Friday, June 25, 2010

The cricketing ages of man.

As I watch Ricky Ponting approach the end of his cricketing career it occurs to me that my life has been set down in stages according to who is the current Australian cricket captain. It certainly has tended to divide life into convenient chunks of 5 - 8 years or so. Far too many of them if I'm honest.

My first real cricket captain was Ian Chappell. Of course as a young nipper I was aware of Bill Lawry but Chappelli was the first captain i genuinely recognised as being an important part of my life. Still, I was too young to appreciate his genuine worth as a captain and I can only remember being desperately disappointed by his all too frequent modest scores as a batsman.

His brother and replacement captain Greg Chappell on the other hand, was God-like in his batting prowess, and I happily overlooked any shortcomings he had as a captain. His fluent, elegant technique was a joy to watch, and his prowess against both the English and the dominant West Indies brought joy to my teenage years.

Of course, Chappell's reign was interrupted and to a certain extent ruined by the eruption of Packer World Series cricket, and so we had brief periods of captaincy by Graham Yallop (who I quite liked) and Kim Hughes (who I didn't). But Greg was the man. Only much later did I find out what serious flaws he actually had as captain. Perhaps our heroes will always inevitably let us down, but I'm glad Greg's failings weren't apparent (at least to me) until well after his captaincy ended.

Following Greg of course was the ineffable Allan Border, perhaps my most favourite of captains. A great captain and a great batsman, he was rock solid and lacked the character flaws of both Chappell brothers. With neither the elegance of Greg nor the hard-headed insight of Ian, he was yet a brilliant batsman and a competent and respected skipper. Whenever Aussie cricketing backs were against the wall, you could always rely on AB to grind out a big innings to save the day. He did it again and again and virtually single-handedly re-built Australian cricketing pride.

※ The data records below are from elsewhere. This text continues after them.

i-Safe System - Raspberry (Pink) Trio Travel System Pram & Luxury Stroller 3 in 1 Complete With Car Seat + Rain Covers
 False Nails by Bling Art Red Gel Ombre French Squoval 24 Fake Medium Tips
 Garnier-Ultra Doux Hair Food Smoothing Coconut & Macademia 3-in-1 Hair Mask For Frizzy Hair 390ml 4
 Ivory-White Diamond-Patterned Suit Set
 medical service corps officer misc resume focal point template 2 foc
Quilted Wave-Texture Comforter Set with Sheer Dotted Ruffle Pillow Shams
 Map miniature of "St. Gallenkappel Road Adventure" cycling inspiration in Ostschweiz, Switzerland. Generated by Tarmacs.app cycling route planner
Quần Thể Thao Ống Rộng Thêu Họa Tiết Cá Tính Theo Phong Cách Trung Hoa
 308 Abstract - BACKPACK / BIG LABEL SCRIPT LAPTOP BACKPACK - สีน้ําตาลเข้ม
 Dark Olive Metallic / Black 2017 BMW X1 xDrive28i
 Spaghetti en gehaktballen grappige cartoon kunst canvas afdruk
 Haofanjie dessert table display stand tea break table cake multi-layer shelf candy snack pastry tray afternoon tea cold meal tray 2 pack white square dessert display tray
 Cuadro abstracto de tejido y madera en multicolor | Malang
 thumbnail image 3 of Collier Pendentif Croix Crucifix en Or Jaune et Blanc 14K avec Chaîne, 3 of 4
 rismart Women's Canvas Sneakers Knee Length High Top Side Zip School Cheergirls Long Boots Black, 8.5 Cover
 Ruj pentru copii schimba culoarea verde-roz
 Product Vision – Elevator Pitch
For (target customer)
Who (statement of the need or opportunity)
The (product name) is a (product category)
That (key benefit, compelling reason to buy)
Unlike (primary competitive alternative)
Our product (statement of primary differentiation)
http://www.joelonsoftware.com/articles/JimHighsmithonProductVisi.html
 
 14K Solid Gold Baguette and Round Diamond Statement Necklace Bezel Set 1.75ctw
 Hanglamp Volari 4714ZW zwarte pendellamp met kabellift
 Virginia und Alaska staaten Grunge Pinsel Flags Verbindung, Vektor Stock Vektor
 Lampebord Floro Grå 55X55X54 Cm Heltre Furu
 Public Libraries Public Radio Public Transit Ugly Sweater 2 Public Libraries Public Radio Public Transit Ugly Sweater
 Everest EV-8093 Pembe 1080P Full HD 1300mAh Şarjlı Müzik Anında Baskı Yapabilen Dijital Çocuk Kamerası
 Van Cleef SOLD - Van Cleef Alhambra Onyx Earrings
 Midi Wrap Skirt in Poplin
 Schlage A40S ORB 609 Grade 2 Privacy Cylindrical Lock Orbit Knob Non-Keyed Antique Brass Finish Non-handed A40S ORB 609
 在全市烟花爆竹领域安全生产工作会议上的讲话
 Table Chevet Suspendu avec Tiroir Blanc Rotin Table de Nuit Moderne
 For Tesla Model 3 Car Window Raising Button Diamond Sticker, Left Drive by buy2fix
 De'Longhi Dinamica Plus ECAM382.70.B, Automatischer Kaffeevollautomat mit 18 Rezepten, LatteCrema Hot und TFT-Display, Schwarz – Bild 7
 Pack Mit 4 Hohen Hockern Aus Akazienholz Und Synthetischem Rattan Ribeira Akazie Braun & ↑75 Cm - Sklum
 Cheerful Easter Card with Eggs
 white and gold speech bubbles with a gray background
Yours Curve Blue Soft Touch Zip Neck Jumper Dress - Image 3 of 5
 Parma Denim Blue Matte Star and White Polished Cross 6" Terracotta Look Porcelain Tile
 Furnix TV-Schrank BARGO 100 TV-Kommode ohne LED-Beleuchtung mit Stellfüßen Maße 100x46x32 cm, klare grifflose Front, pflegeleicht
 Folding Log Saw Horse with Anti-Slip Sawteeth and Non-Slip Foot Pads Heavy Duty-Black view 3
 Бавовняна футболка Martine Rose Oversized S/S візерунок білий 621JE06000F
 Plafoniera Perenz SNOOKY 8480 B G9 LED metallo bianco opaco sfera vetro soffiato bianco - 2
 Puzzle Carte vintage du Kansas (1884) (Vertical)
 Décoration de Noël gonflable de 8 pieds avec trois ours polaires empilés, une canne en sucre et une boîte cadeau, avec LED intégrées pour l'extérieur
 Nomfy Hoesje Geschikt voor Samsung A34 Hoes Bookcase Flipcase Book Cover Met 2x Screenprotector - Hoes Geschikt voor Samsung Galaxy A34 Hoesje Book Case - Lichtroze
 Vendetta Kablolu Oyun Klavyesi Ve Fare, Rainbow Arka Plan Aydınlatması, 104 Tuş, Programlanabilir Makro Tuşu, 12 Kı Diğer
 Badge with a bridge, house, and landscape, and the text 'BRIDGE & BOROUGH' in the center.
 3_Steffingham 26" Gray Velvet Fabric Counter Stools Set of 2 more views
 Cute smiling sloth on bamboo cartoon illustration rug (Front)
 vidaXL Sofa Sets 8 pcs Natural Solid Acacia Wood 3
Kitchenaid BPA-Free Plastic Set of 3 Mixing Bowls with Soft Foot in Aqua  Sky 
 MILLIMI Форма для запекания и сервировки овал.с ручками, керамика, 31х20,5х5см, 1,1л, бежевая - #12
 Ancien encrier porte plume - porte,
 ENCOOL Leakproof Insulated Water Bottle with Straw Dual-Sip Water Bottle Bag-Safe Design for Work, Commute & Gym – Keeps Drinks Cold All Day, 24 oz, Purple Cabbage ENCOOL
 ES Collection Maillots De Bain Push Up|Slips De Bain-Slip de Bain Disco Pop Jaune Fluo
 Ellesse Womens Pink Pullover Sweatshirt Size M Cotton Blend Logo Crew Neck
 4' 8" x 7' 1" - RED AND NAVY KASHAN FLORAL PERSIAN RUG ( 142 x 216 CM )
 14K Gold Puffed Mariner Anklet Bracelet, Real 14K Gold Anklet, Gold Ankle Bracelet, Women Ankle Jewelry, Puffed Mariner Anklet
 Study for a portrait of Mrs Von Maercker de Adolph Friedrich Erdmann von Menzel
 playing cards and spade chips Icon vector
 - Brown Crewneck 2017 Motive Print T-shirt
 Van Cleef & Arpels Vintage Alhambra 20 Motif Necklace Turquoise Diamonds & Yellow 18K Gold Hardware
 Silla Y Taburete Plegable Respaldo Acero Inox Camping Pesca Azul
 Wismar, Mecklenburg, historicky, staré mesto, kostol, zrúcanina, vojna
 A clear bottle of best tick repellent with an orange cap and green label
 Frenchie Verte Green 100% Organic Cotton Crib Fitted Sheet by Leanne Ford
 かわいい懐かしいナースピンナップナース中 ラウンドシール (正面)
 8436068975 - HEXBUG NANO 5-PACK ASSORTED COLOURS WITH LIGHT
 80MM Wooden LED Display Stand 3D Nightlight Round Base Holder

That Border's reign coincided with my marriage, arrival of children and first significant move from my home town are not insignificant. Australia's 1989 triumphant Ashes tour of England remains one of my life's highlights. And while that tour was memorable for the coming of age of superstars and future captains in Mark Taylor and Steve Waugh, it was Border's captaincy that made that series possible. I still vividly remember sitting alone in my new town of Adelaide, wife and kids yet to join me, and watching all night, mesmerised as Mark Taylor and Geoff Marsh batted through the whole of day one of the fifth test. Glorious!

AB's reign lasted a whole decade, and it seemed somehow grotesque that it had to come to an end, but it did. I was unsure about the worthiness of his replacement, Mark Tubby Taylor, but then, who could replace AB? Taylor proved worthy but relatively short-lived, being at the helm for just 5 years. In some ways the opposite of Border, Taylor proved a lively and likeable captain paving the way for his replacement Steve Waugh, and cementing Australia's position as a leading test nation, whilst simultaneously I was cementing my own life firmly in my new home city of Adelaide.

Steve Waugh was a strange but aggressive captain and a powerful batsman who was even more capable of digging Australia out of trouble than had been Allan Border. Perhaps our most fluent and elegent batsman since Greg Chappell, Steve Waugh impressed everyone the world over with his skill and mental as well as physical toughness. With a fast-growing family of three rapidly growing boys, these were traits I needed and tried to emulate.

Then came Ricky Ponting. Never before had one so young and so talented been so obviously destined for the captaincy as young Ricky. Such precocious talent of course yielded a few ups and downs early on, but it was always inevitable that he would settle down to become one of Australia's finest batsmen and an undoubted, brilliant captain. That he was a fellow Tasmanian only made his reign doubly pleasurable for me.

However now his era is coming to an end, and as his star fades, so does Australia's as a cricketing nation. The gloss has gone, and as I enter the latter half of my life and begin to feel my age, it seems to me that the best of Aussie cricket has also been and gone, at least for a while.

Whoever takes over as captain will have an unenviable job. Following the Chappells, Border, Taylor, Waugh and Ponting is going to be one of the toughest challenges on Earth. I wish him well.